Ethan Crislip, 14, has a special talent. The high school freshman has been an expert "cuber" for the last two years. It has taken him around the country and soon the world.
"I went on YouTube and looked it up and it was pretty addicting. So I just stuck with it," Ethan said.
Solving a Rubik's cube is more systematic than you might think. Ethan follows a pattern; always the same colors on the same sides. And it takes him longer to explain it than it does to solve it.
"First I build a cross of four edges. Then I build two edges and corners together and you build the first two layers like that. The last layer is just two algorithms," he said.
So I sat down with Ethan to watch him work his magic. I scrambled a Rubik's Cube and then handed it off to Ethan. He always gets 15 seconds to look it over and then we watched him solve it.
In our time with him he got it down to under 9 seconds. He thought that was still too high, compared to his record 5 seconds. And even though he makes it look so easy, I learned it's really not.

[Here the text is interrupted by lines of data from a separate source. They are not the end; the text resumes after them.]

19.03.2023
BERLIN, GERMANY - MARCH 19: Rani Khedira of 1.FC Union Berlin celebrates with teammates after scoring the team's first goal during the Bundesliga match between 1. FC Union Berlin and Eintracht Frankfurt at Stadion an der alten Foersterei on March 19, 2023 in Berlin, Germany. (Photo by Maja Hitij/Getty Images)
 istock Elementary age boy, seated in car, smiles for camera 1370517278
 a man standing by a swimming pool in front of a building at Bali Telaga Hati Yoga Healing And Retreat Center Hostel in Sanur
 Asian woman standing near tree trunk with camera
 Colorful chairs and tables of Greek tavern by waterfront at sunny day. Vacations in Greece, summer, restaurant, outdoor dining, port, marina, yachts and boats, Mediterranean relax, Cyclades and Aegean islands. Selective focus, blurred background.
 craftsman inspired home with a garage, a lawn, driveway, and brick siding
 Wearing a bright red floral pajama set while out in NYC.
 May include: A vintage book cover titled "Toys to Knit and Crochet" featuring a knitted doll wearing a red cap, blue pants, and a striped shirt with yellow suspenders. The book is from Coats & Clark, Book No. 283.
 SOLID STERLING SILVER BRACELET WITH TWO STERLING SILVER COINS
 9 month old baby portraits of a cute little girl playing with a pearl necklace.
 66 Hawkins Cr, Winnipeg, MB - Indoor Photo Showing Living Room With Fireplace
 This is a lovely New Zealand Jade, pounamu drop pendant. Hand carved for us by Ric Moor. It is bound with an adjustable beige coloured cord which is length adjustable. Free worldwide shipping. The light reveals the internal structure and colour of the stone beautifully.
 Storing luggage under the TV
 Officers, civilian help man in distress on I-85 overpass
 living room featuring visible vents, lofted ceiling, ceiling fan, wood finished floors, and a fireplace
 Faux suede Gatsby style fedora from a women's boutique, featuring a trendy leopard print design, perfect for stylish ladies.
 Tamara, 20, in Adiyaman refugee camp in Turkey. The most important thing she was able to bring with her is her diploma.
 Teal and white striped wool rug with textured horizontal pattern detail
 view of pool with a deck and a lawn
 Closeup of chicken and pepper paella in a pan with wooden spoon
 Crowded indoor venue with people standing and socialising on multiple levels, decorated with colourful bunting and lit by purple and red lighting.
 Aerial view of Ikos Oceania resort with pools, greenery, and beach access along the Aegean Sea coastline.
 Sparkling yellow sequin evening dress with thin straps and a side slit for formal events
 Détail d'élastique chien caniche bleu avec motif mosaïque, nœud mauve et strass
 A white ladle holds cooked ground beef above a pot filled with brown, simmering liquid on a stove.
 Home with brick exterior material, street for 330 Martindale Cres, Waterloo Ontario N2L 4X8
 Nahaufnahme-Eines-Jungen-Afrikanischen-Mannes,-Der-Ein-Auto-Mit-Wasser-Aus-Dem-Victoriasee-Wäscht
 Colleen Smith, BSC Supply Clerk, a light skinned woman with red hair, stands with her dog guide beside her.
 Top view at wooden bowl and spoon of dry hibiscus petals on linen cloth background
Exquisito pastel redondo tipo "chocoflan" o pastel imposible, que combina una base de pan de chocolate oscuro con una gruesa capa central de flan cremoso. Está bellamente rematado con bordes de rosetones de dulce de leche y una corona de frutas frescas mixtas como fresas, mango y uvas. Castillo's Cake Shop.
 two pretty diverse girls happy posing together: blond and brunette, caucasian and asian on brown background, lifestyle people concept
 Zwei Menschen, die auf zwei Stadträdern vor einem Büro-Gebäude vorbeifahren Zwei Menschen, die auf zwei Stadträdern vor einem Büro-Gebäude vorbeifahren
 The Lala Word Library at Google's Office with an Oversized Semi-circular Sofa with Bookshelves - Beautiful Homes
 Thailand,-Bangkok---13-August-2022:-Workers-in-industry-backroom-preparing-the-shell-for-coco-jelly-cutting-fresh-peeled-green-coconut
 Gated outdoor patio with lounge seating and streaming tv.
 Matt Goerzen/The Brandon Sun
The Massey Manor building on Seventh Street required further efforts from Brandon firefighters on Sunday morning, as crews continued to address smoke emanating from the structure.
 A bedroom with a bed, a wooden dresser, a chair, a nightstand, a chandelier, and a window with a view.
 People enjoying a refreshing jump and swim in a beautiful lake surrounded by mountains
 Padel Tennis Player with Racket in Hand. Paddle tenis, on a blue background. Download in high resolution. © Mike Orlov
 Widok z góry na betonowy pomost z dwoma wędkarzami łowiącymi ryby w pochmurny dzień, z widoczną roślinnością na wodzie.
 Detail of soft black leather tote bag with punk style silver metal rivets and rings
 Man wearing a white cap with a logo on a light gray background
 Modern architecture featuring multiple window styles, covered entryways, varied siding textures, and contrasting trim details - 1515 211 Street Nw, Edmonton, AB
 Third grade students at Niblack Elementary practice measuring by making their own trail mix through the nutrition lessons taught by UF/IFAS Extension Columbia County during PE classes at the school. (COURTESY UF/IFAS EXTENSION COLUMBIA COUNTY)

But more than the prizes, Ethan most values his chances to travel and make friends.
"What a chance to do something so great, you know to travel like that," his mother, Annette Crislip, said.
"I've met foreign people already that have traveled to the U.S. for competitions and for the world championships. I'm really looking forward to meeting other cubers I've heard of but they're thousands of miles away," Ethan said.
He'll head to Bangkok, Thailand in October for the world championships.